The problem is we have dim-witted producers who want to put their concept on operas. I saw a Don G where the producer thought he knew better than da Ponte.


----------



## The Conte (May 31, 2015)

DavidA said:


> The problem is we have dim-witted producers who want to put their concept on operas. I saw a Don G where the producer thought he knew better than da Ponte.


So did I, the Strehler production at La Scala, but since it had pretty sets and costumes nobody minded or spoke about it not being "what the composer would have wanted".

Hypocrisy much?

N.


----------



## Woodduck (Mar 17, 2014)

Why speculate about what Wagner would want if he were alive now when we have his operas to tell us what he wanted when he wrote them?

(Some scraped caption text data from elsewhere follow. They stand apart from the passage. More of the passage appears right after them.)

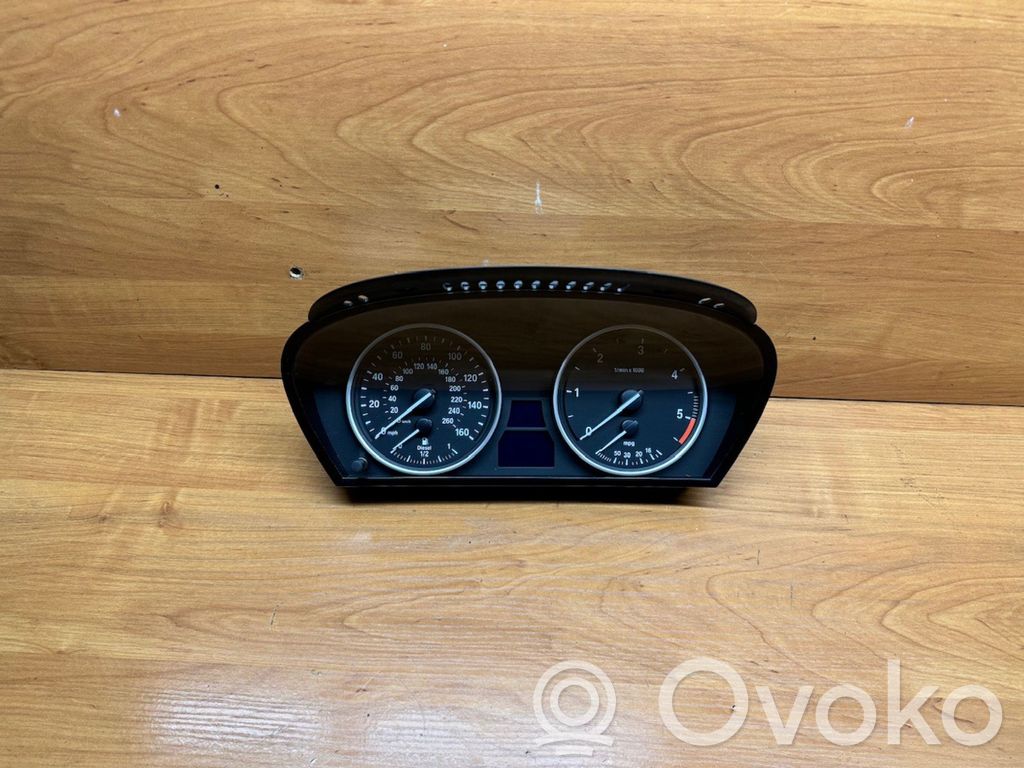 BMW 5 E60 E61 Speedometer (instrument cluster) 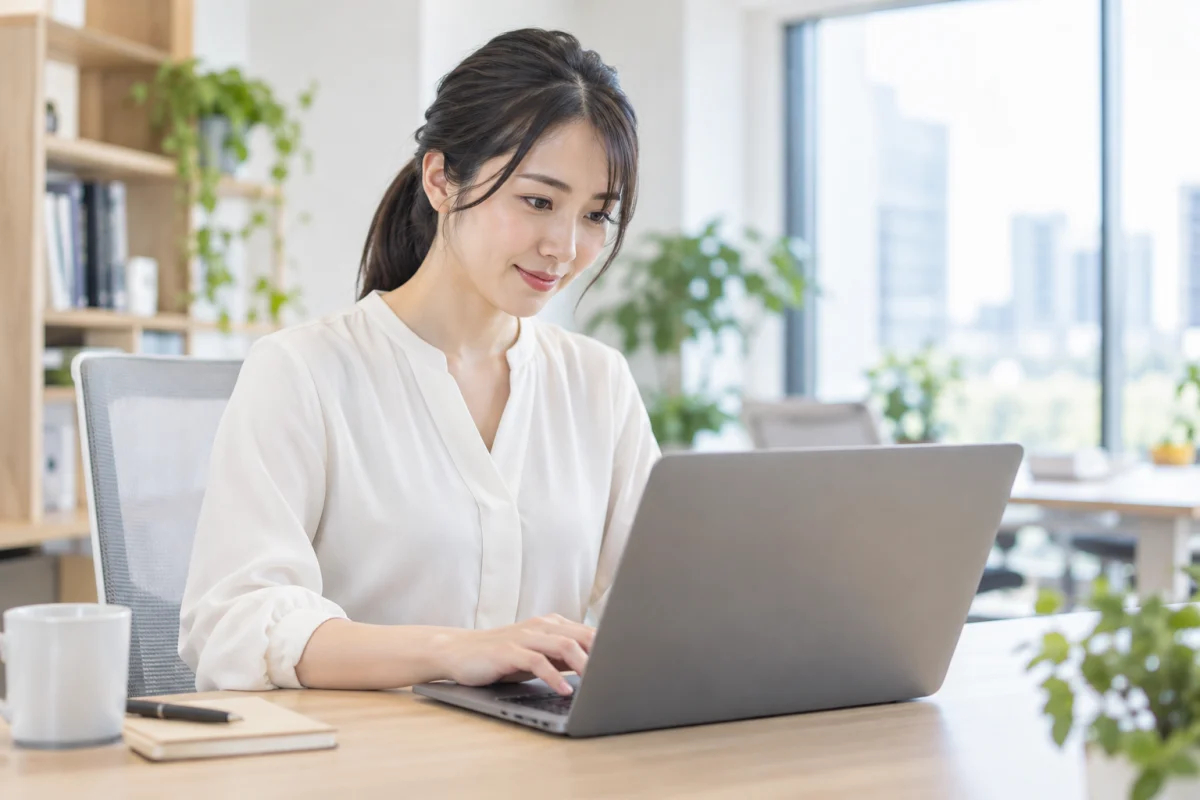 ノートPCを使い、開発に取り組む女性エンジニアのイメージ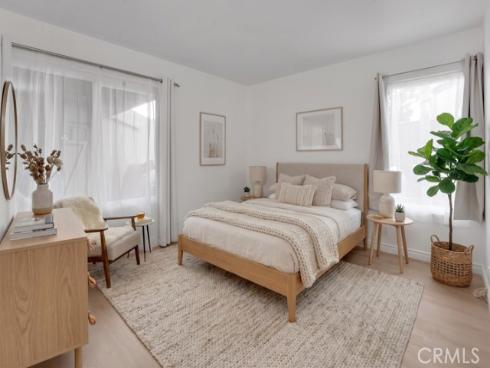 1270 Cabrillo Park , Santa Ana, CA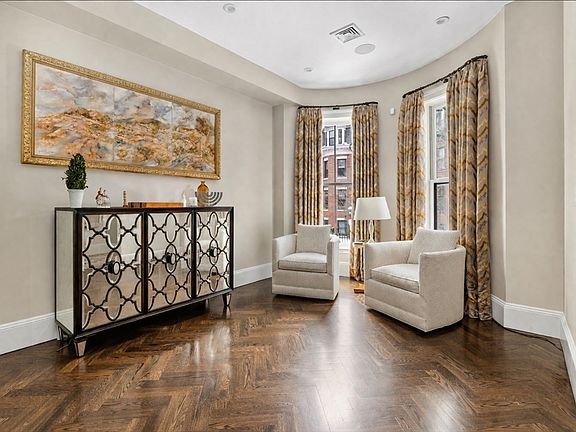 4th image of 109 Appleton St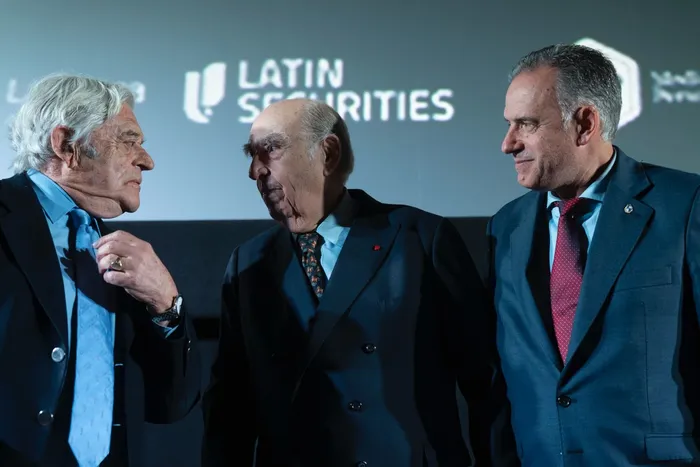 Luis Lacalle Herrera, José María Sanguinetti y Yamandú Orsi, el 28 de octubre, en el Complejo Movie Montevideo Shopping. · Foto: Ernesto Ryan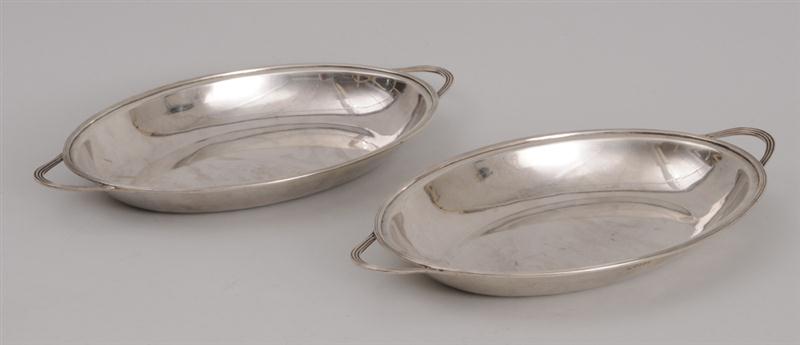 PAIR OF GEORGE III SILVER TWO HANDLED 13f7f1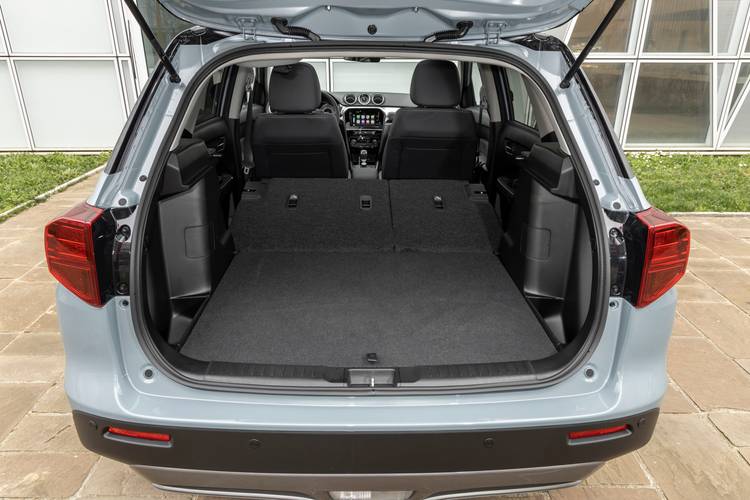 Suzuki Vitara LY facelift 2021 plegados los asientos traseros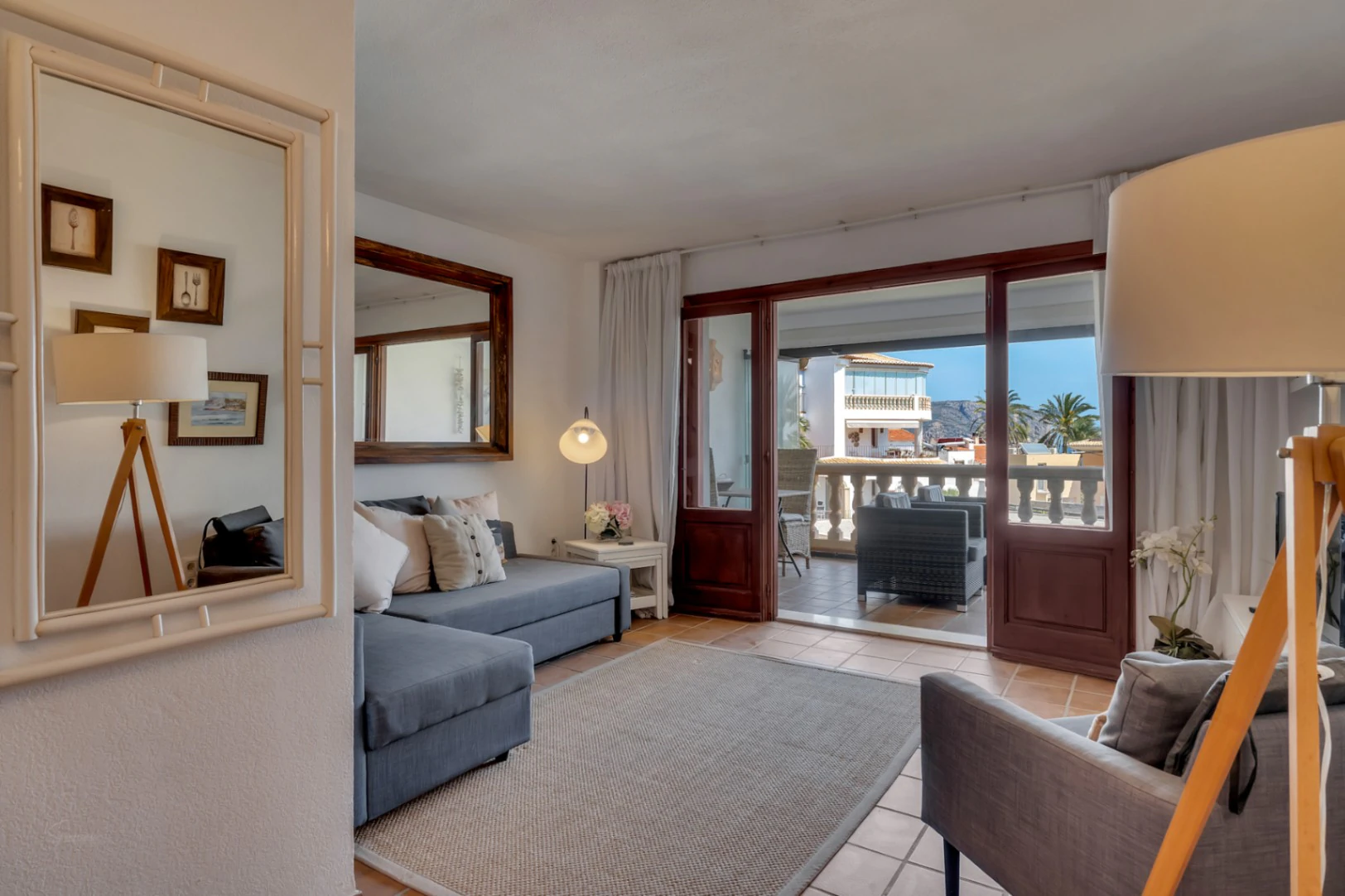 Apartamento primera línea, con vista al mar y piscina en Montañar I Javea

If we don't like the operas he wrote, we can write our own operas.


----------



## Zhdanov (Feb 16, 2016)

what if there was no Wagner at all so no need to use his music in this production?


----------



## The Conte (May 31, 2015)

Woodduck said:


> Why speculate about what Wagner would want if he were alive now when we have his operas to tell us what he wanted when he wrote them?
> 
> If we don't like the operas he wrote, we can write our own operas.


Even if we do like the operas he wrote, there's nothing stopping us writing our own operas!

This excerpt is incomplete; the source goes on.